Infatti Daniele è un libro che rientra in quel genere di letteratura, ebraica, chiamata “apocalittica” e una delle caratteristiche principali di questa letteratura è l’uso di immagini per esprimere determinati concetti. L’esempio che conosciamo meglio è Apocalisse di Giovanni ma ci sono molti altri libri sorti nell’ambito del giudaismo a partire dalla deportazione babilonese. Daniele è il primo di questo genere e ad esso va accostato anche Ezechiele.

Dunque Daniele fa una specie di filosofia della storia, parlando di imperi dominanti ai quali seguirà un regno eterno; e lo fa usando immagini: per gli imperi usa immagini di bestie spaventose, per il popolo di Dio che avrà il regno eterno usa l’immagine di “uomo” mediante l’espressione “figlio d’uomo”.
Quindi niente esseri angelici ma semplicemente un popolo, il popolo di Dio.

Il fatto che Gesù usi per sé stesso questa immagine, significa che egli si ritiene il “titolare” di quel regno eterno profetizzato da Daniele e, poiché il NT ci presenta la chiesa come corpo di Cristo, possiamo facilmente comprendere che in Gesù è la chiesa, nuovo popolo di Dio, a regnare eternamente.

In Gesù, dunque, si concretizzano tutte le attese e tutte le speranze formatesi in secoli di predicazione profetica nell’ambito del popolo di Dio; popolo che prima aveva una connotazione etnica che, quasi, si risolve nell’uomo Gesù di Nazareth, come se tutto il popolo ebraico si fosse concentrato in lui.
Ed è a lui che il regno eterno viene dato, lui è il “figlio d’uomo” di Daniele 7, 13. In lui è l’uomo, il semplice uomo, e non organizzazioni di qualsiasi genere, ad essere depositario del regno eterno.
I tre vangeli sinottici semplicemente prendono atto di questo fatto: è Gesù stesso ad applicare a sé questo titolo, nessun altro lo chiama in questo modo, e ciò costituisce un’altra particolarità che, insieme alle altre già notate in altre situazioni, rende Gesù una persona assolutamente unica.

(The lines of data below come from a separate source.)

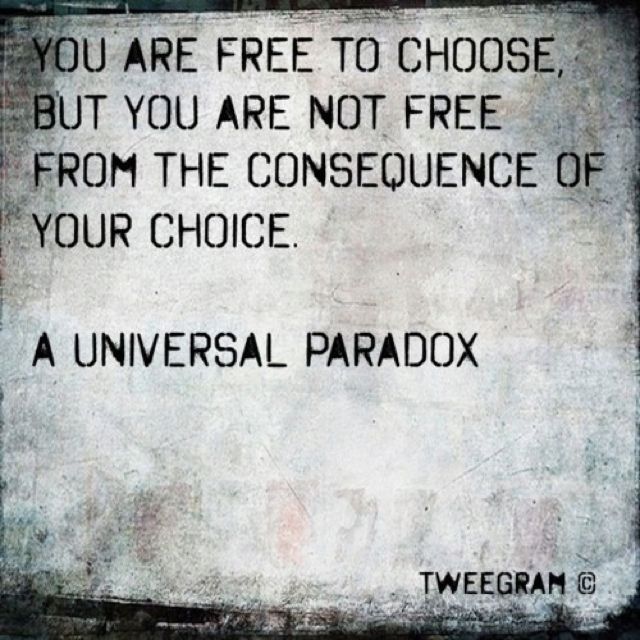 Consequence of choice - Belief Behind Why Feng Shui Consultations “MUST” Get Paid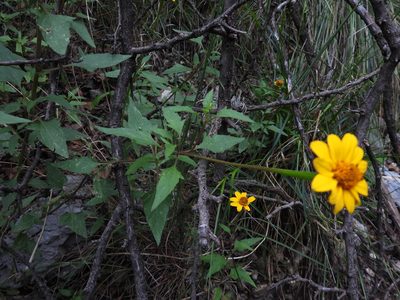 Heliopsis parvifolia, photographed by Leticia Jiménez Hernández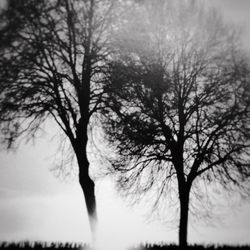 Bare trees against sky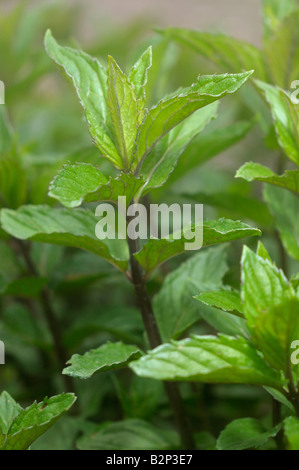 La menthe poivrée (Mentha x piperita), variété : Mitcham, feuilles Banque D'Images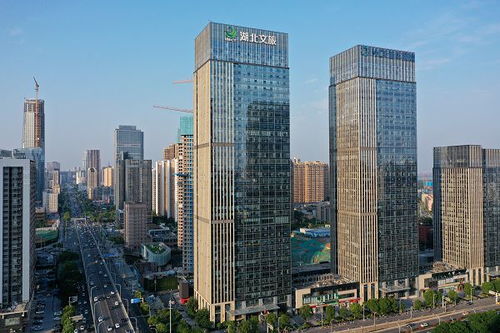 湖北国贸收购完成,上海雅仕将换帅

CONSIDERAZIONE - C’è da chiedersi perché Gesù non usasse definirsi “Messia”, come lui stesso riconosce di essere in Giovanni 4, 25 parlando con la donna samaritana. Lui era, in effetti, l’atteso Messia e avrebbe potuto benissimo definirsi come tale sia parlando con i discepoli che con la gente in generale.
C’è una spiegazione.
Il Messia atteso da tutti gli Ebrei (vedi Giovanni 1, 41) era collegato con l’idea di gloria che lo avrebbe accompagnato nello stabilire il regno di Dio. Il Messia avrebbe, nell’immagine collettiva degli Ebrei, ristabilito il regno di David, avrebbe debellato i nemici di Israele, avrebbe condotto il popolo di Dio alla vittoria su tutti gli altri popoli.

Ma non era questo il piano di Dio. Il profeta Isaia presenta un immagine totalmente diversa da quella popolare, l’immagine del servo sofferente del cap. 53.
Ecco dunque che Gesù, consapevole della sua missione, sceglie per sé l’immagine di “figlio dell’uomo”, cioè “uomo”, perché l’uomo è strettamente collegato con la sofferenza e lui era venuto per vincere il male, sì, ma passando attraverso la sofferenza propria e non attraverso la distruzione dei nemici.
Certamente Gesù è un uomo tutto speciale nel contesto dell’umanità per cui anche questa espressione diventa particolare in quanto tutta particolare è la sua venuta in mezzo all’umanità come anche la sua missione. E’ lui che tornerà e darà il via alla nuova umanità con la risurrezione di tutti noi.
Ecco allora che , nei vangeli, l’espressione diventa quasi un nome proprio che Gesù applica a sé stesso e che lo distingue da tutti gli altri esseri umani.